Earlier this month, the Department of Defense transferred the last remaining third-country nationals held in U.S. custody in Afghanistan, ending U.S. detention operations in Afghanistan. Yet halfway around the world, the detention facility at Guantanamo Bay, Cuba, remains open for the 13th consecutive year, costing the American people hundreds of millions of dollars each year and undermining America's standing in the world. As I have said many times, the continued operation of this detention facility weakens our national security by draining resources, damaging our relationships with key allies and partners, and emboldening violent extremists. Closing the detention facility is a national imperative.

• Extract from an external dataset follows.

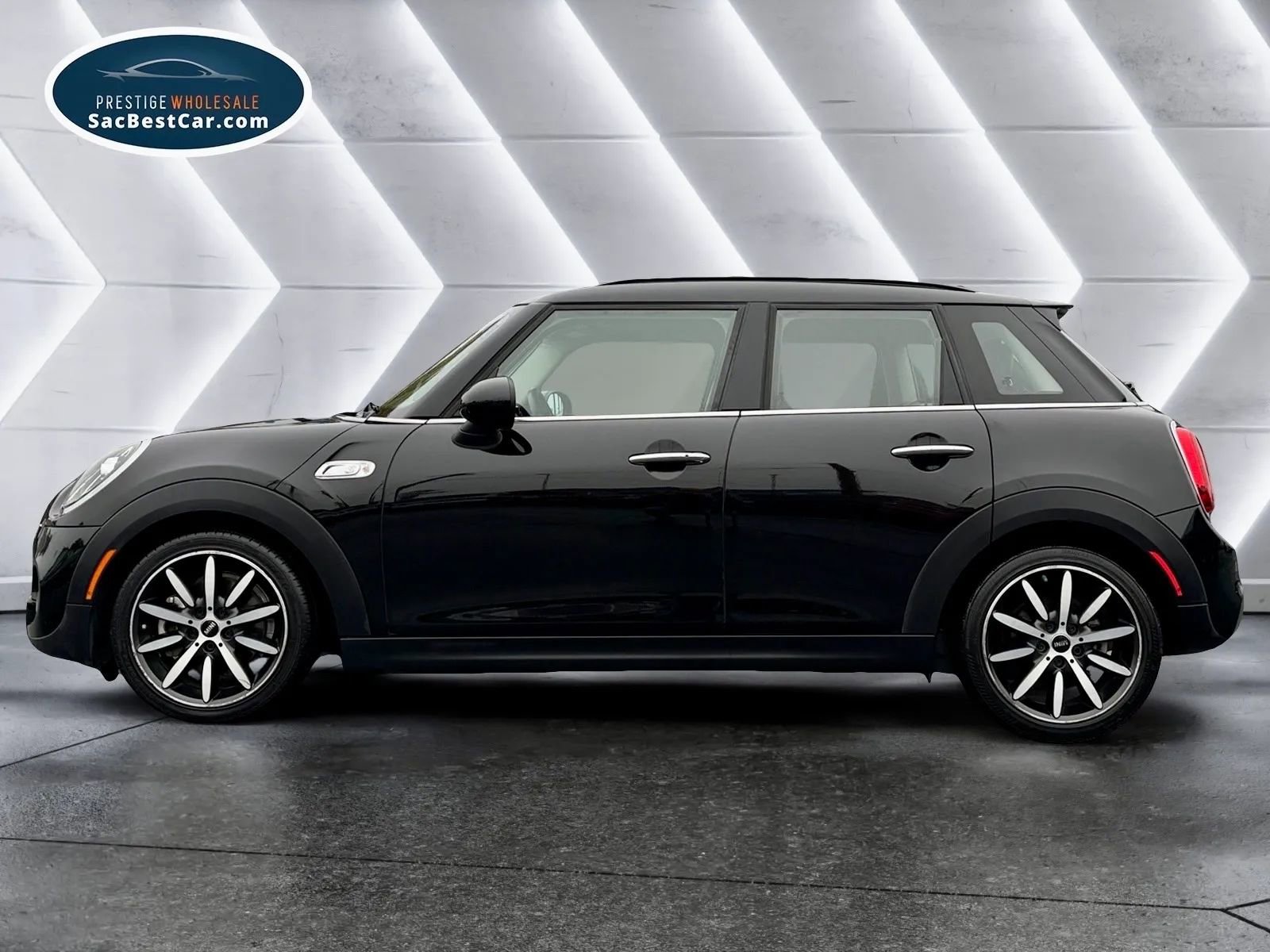 Used 2019 MINI Cooper S w/ Storage Package image 5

I have repeatedly called upon the Congress to work with my Administration to close the detention facility at Guantanamo once and for all. Individuals from across the political spectrum have recognized that the facility should be closed. But instead of removing unwarranted and burdensome restrictions that curtail the executive branch's options for managing the detainee population, this bill continues them. Section 1032 renews the bar against using appropriated funds to construct or modify any facility in the United States, its territories, or possessions to house any Guantanamo detainee in the custody or under the control of the Department of Defense unless authorized by the Congress. Section 1033 likewise renews the bar against using appropriated funds to transfer Guantanamo detainees into the United States for any purpose. The Consolidated and Further Continuing Appropriations Act, 2015, contains similar provisions as well as those relating to existing restrictions on the transfer of detainees abroad. I have consistently opposed these restrictions and will continue to work with the Congress to remove them. More than 80 percent of detainees at one time held at the detention facility have now been transferred. The executive branch must have the flexibility, with regard to those detainees who remain, to determine when and where to prosecute them, based on the facts and circumstances of each case and our national security interests, and when and where to transfer them consistent with our national security and our humane treatment policy. Under certain circumstances, the provisions concerning detainee transfers in both bills would violate constitutional separation of powers principles. In the event that the restrictions on the transfer of detainees operate in a manner that violates constitutional separation of powers principles, my Administration will implement them in a manner that avoids the constitutional conflict.